WORK REQUIRED =
Restate each entry exactly, without pictures.

[Collected data entries]
──────────
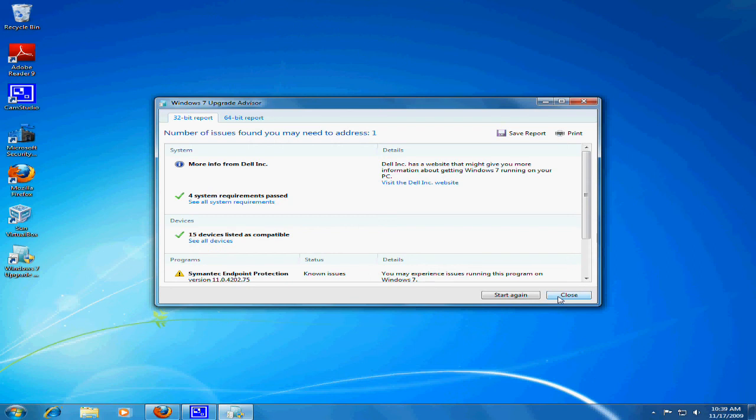The program will show you the number of issues you may need to address before installing Windows 7. To close the program, click Close.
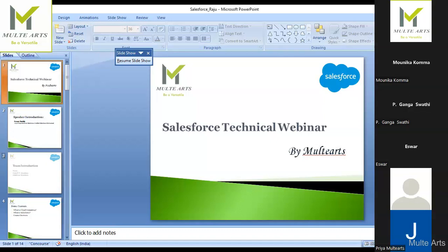Once development is complete, we move changes to higher environments like staging — called UAT — where internal and client-side testing is performed. That also uses test.salesforce.com. Once sign-off is received, changes move to the live environment called Production, where business users access the application. The URL for production is login.salesforce.com.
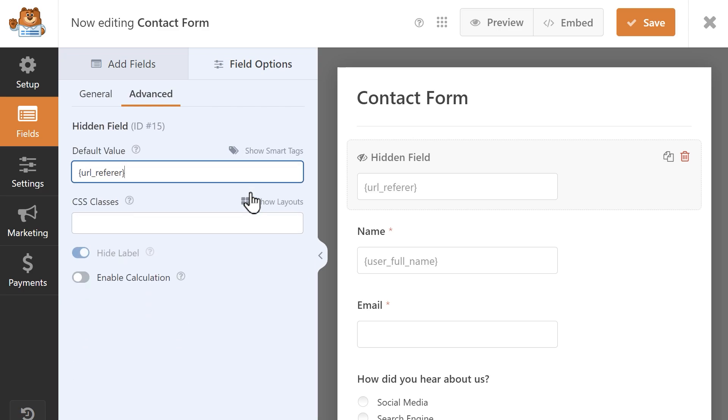There are tons of different Smart Tags available, so be sure to check out the written Smart Tags guide on our site by clicking on the link in the video description below.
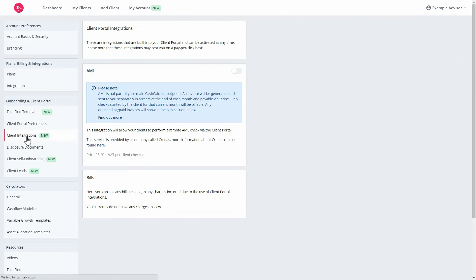Here, you'll see a dedicated AML section in which you can toggle the CREDAS integration on or off.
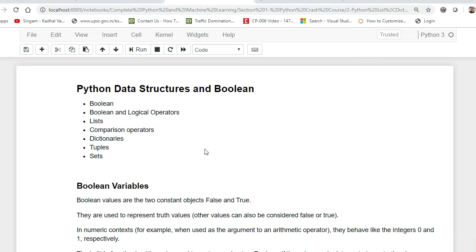Hello everyone. We'll continue our discussion on Python data structures. In this session we'll be discussing boolean variables, boolean and logical operators, list, comparison operators, dictionary, tuples, and sets. Remember, list, dictionary, and sets play a very important role when doing exploratory data analysis, because in machine learning we read different types of data from various sources and need to perform statistical analysis to get insights.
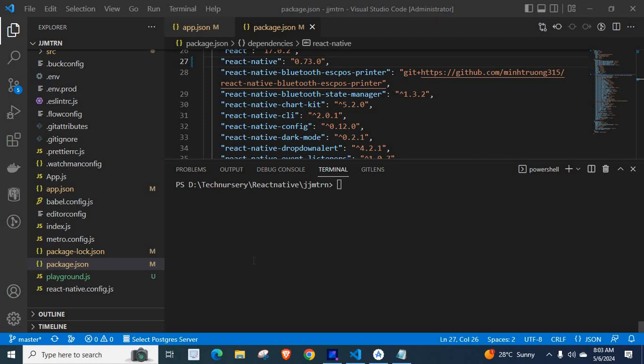Dear friends, welcome to Technisery. In this video, I am going to explain an error related to React Native.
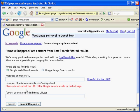Choose where you found this result: Web Search Results or Image Search Results. Enter the web page of the search result or image. Please do not enter the URL of the search result or of the cached page.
──────────
RESULT BELOW =
The program will show you the number of issues you may need to address before installing Windows 7. To close the program, click Close.
Once development is complete, we move changes to higher environments like staging — called UAT — where internal and client-side testing is performed. That also uses test.salesforce.com. Once sign-off is received, changes move to the live environment called Production, where business users access the application. The URL for production is login.salesforce.com.
There are tons of different Smart Tags available, so be sure to check out the written Smart Tags guide on our site by clicking on the link in the video description below.
Here, you'll see a dedicated AML section in which you can toggle the CREDAS integration on or off.
Hello everyone. We'll continue our discussion on Python data structures. In this session we'll be discussing boolean variables, boolean and logical operators, list, comparison operators, dictionary, tuples, and sets. Remember, list, dictionary, and sets play a very important role when doing exploratory data analysis, because in machine learning we read different types of data from various sources and need to perform statistical analysis to get insights.
Dear friends, welcome to Technisery. In this video, I am going to explain an error related to React Native.
Choose where you found this result: Web Search Results or Image Search Results. Enter the web page of the search result or image. Please do not enter the URL of the search result or of the cached page.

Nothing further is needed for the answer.